Vince Hernandez has worked in the comic book industry for over fifteen years and is currently the Editor-in-Chief for Aspen Comics. He has created and written the comic book series Charismagic, Trish Out of Water and the upcoming Damsels in Excess. He also has worked as a writer for Electronic Arts, Def Jam Entertainment and Marvel Comics.
What made you decide to work in the medium of comics?
Actually, working in comics happened rather coincidentally for myself. When I was eighteen years old, I was looking to take on a second job and my brother mentioned a position that was available with the comic book publisher, Top Cow. Since he was already employed there, I certainly had a great start and after interviewing there, I became the assistant to the Director of Marketing, Kate Sherwood. I worked at Top Cow for four years before I took the position with Aspen where I’ve been Editor-in-Chief for the past decade. It’s not the usual route to get into comics but I certainly think I’ve made the most of the opportunities I’ve been presented with.
What part of the process is the most challenging or frustrating to you?

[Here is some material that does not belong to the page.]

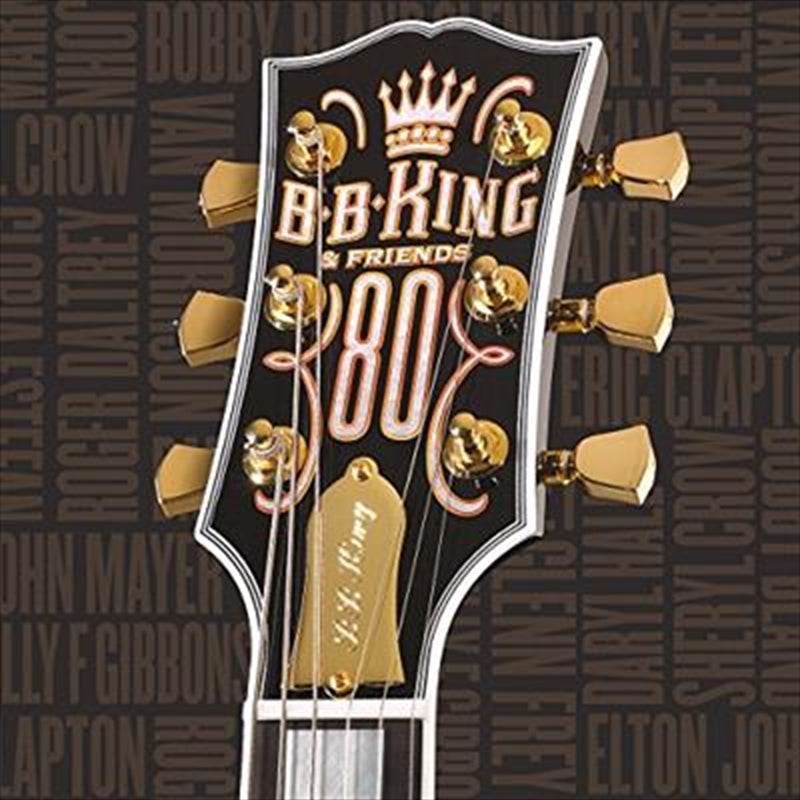 Music CDs: Bb King And Friends 80 - King, Bb Cd Album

Editing comics in general is a very demanding and oftentimes frustrating position. It encompasses scheduling, talent management and crisis control while also maintaining a professional level of creativity necessary to make a product fans will enjoy. I think if I had to pinpoint one aspect which usually ends up more frustrating than any other, it’s dealing with talent’s schedules and their understanding of meeting a deadline. I can literally name off the small list of creatives that understand this process. The more frequent response I get from artists is that the quality of their work will suffer if they rush, which I have found is little more than an excuse because they can’t meet a deadline.
If you could give one piece of advice to an aspiring comics creator, what would that be?

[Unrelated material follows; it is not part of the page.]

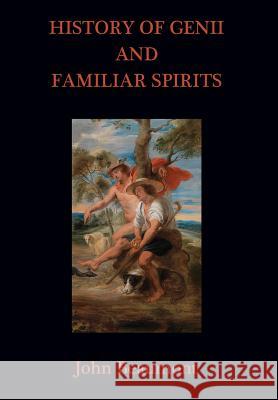 History of Genii and Familiar Spirits John Beaumont John Madziarczyk 9780990668282 Topaz House Publications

One thing I would tell aspiring comics creators is to be realistic with their work. This is a broad tip of advice, but it’s something that a lot of aspiring artists and writers haven’t yet learned. Realistically look at what professionals are doing and judge your work accordingly. There’s no shame in admitting that you’re not on the level yet, but there are consequences when you put yourself out there prematurely. It marks you as an amateur before your career even begins.